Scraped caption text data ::
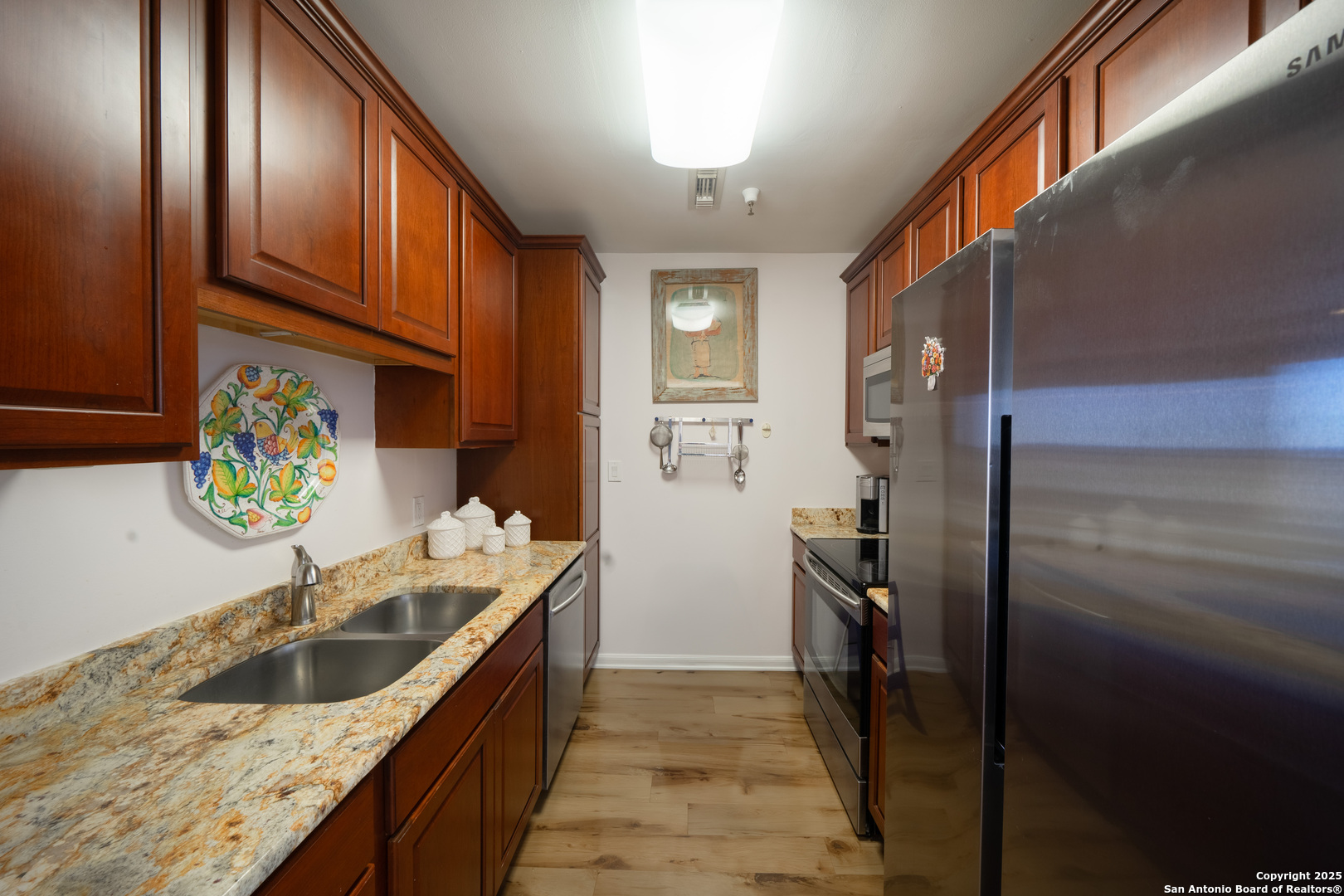 1 Towers Park Ln 1515 , San Antonio, TX, 78209 | 1836274 | Realty Texas LLC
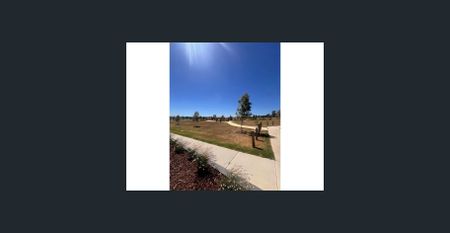 Beautifully built, light and bright Townhome – Park facing, 4 Bedroom with open plan living, courtyard area and double remote garage - Photo 3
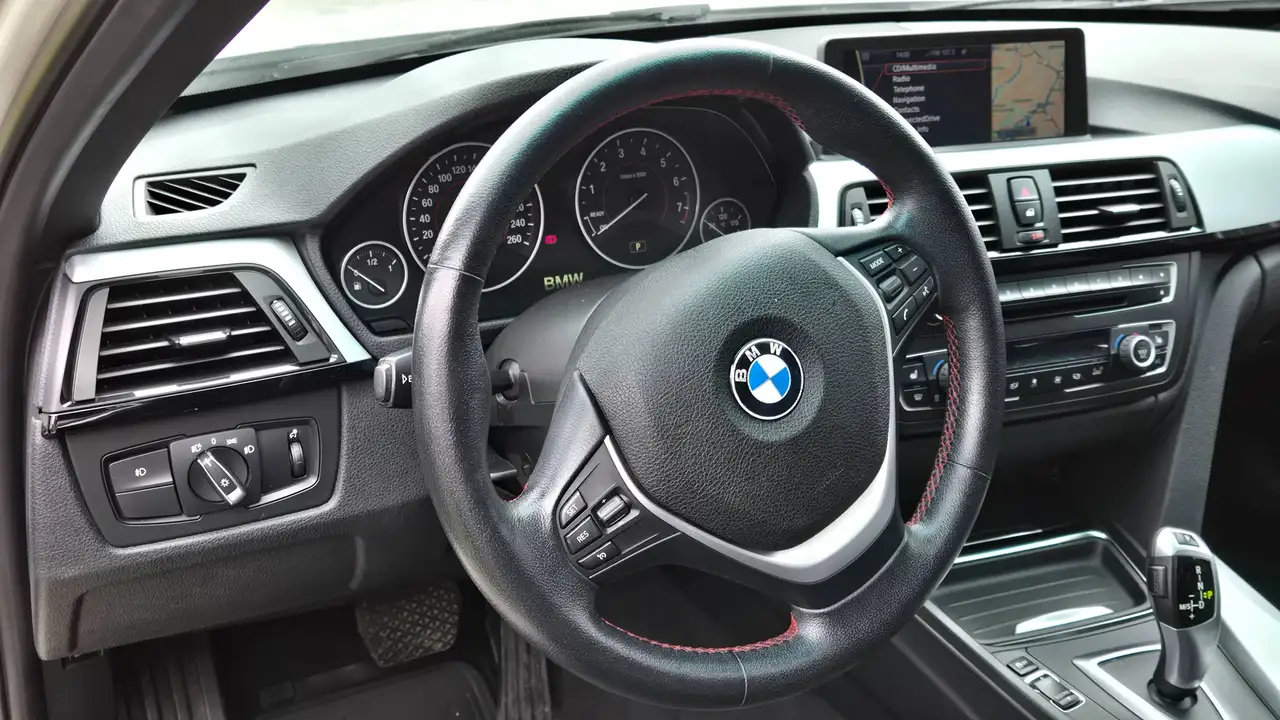 BMW 3 Series photo BMW 3 Series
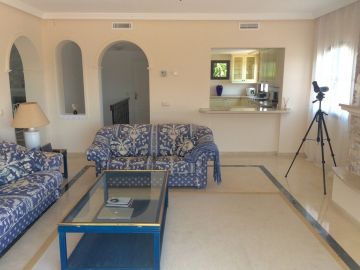 https://cdn.resales-online.com/public/87eii68kgm/properties/vtyrvzvjrwercte/w1200/23-79897b85162c6a486c7a4d1eb46924dd.jpg?v=1690553833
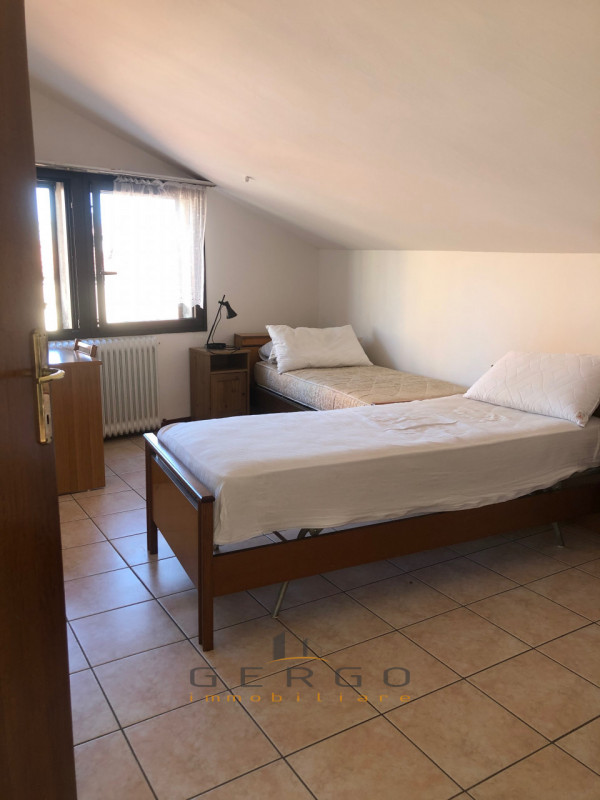 (Per INFO Cristina 3389226442) Mansardina in affitto tutto incluso. Nel centro storico di Padova,...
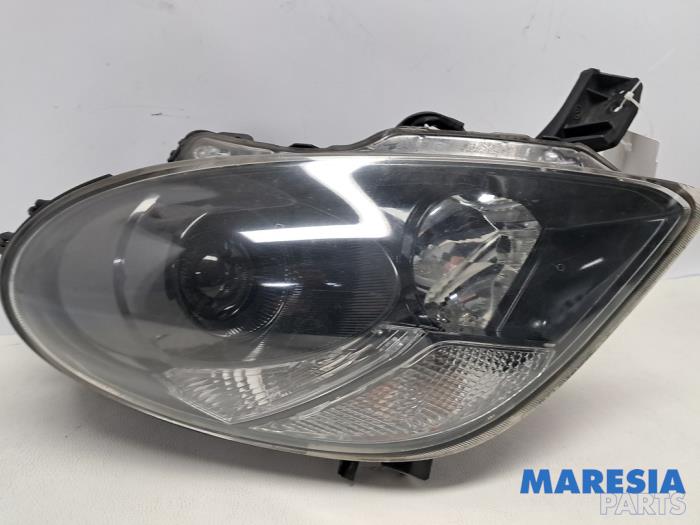 Używane Reflektor prawy Citroen C-Zero C-Zero Cena € 149,95 Procedura marży oferowane przez Maresia Parts
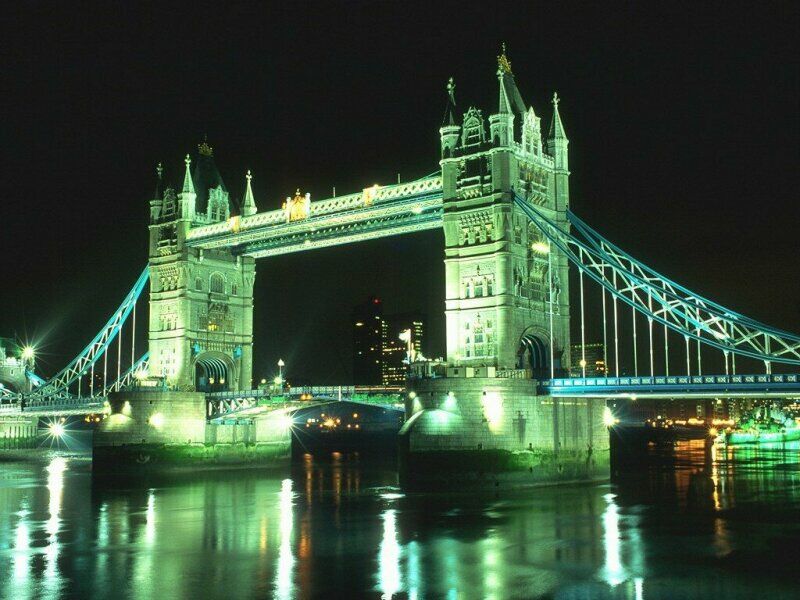 Tower Bridge.jpg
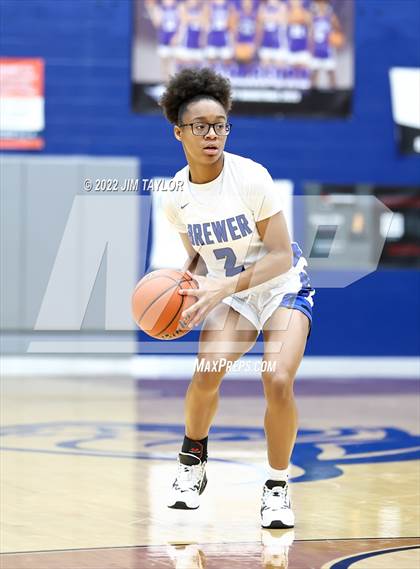 Thumbnail 2 in Richland vs Brewer (Weatherford Raising Cane's Christmas Classic) photogallery.
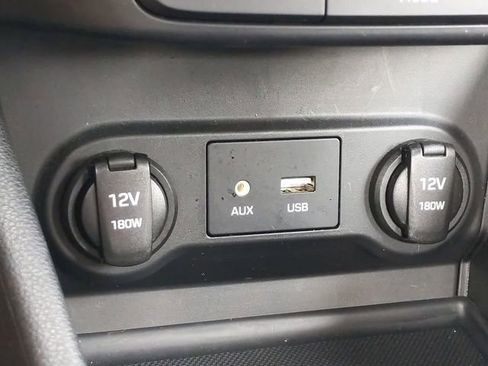 Used 2019 Hyundai Accent SE FWD image 19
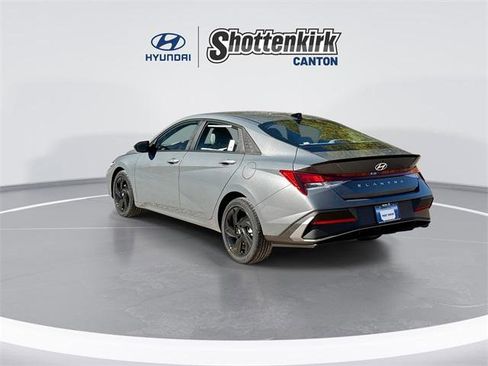 New 2026 Hyundai Elantra Sport image 6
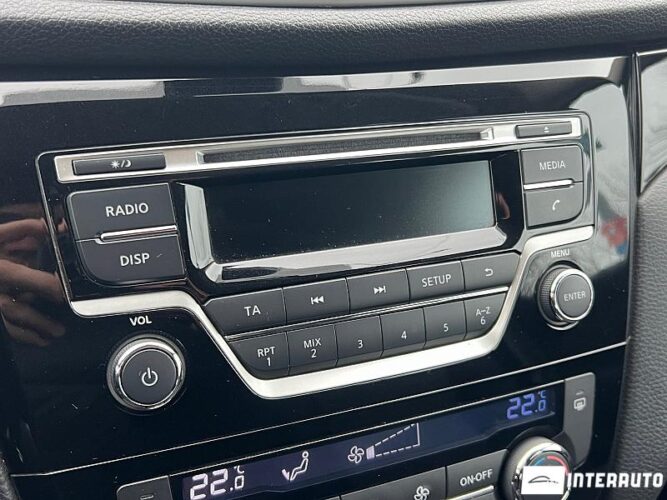 Nissan Qashqai 41 interauto-car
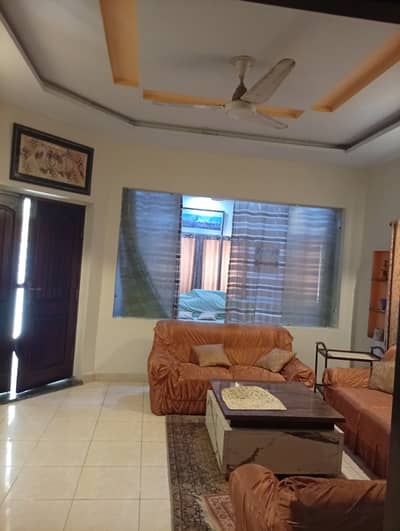 4.5Marla house for sale 4bad attached bathroom double TV lounge double kitchen for sale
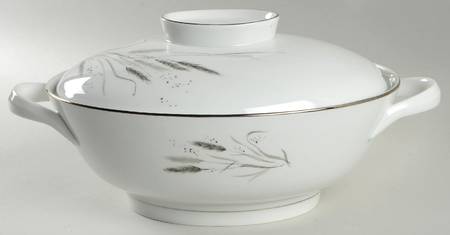 Ceres (Platinum Trim) Tureen &  Lid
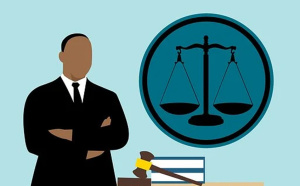 刑事辩护与民事诉讼：辩护律师与代理人的职能区分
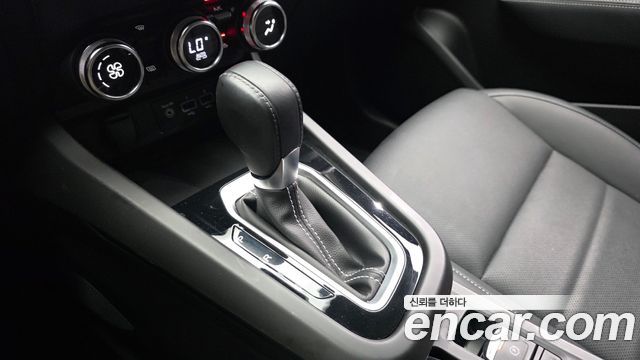 Renault Korea XM3 1.3 TCe RE Signature 2022 — фото 9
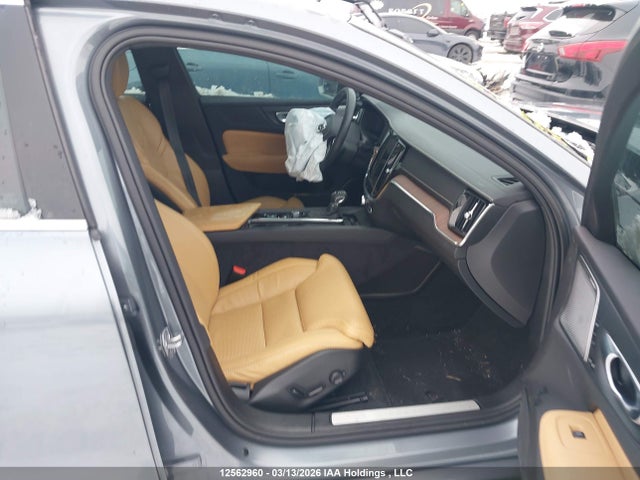 7JRA22TL6MG094853 Volvo S60 T6 Inscription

Activity ::
In the data above, find the line containing "Nissan Qashqai 41 interauto-car"; from there, please write out each line through the end, exactly, with the pictures omitted.

Completed exercise ::
 Nissan Qashqai 41 interauto-car
 4.5Marla house for sale 4bad attached bathroom double TV lounge double kitchen for sale
 Ceres (Platinum Trim) Tureen &  Lid
 刑事辩护与民事诉讼：辩护律师与代理人的职能区分
 Renault Korea XM3 1.3 TCe RE Signature 2022 — фото 9
 7JRA22TL6MG094853 Volvo S60 T6 Inscription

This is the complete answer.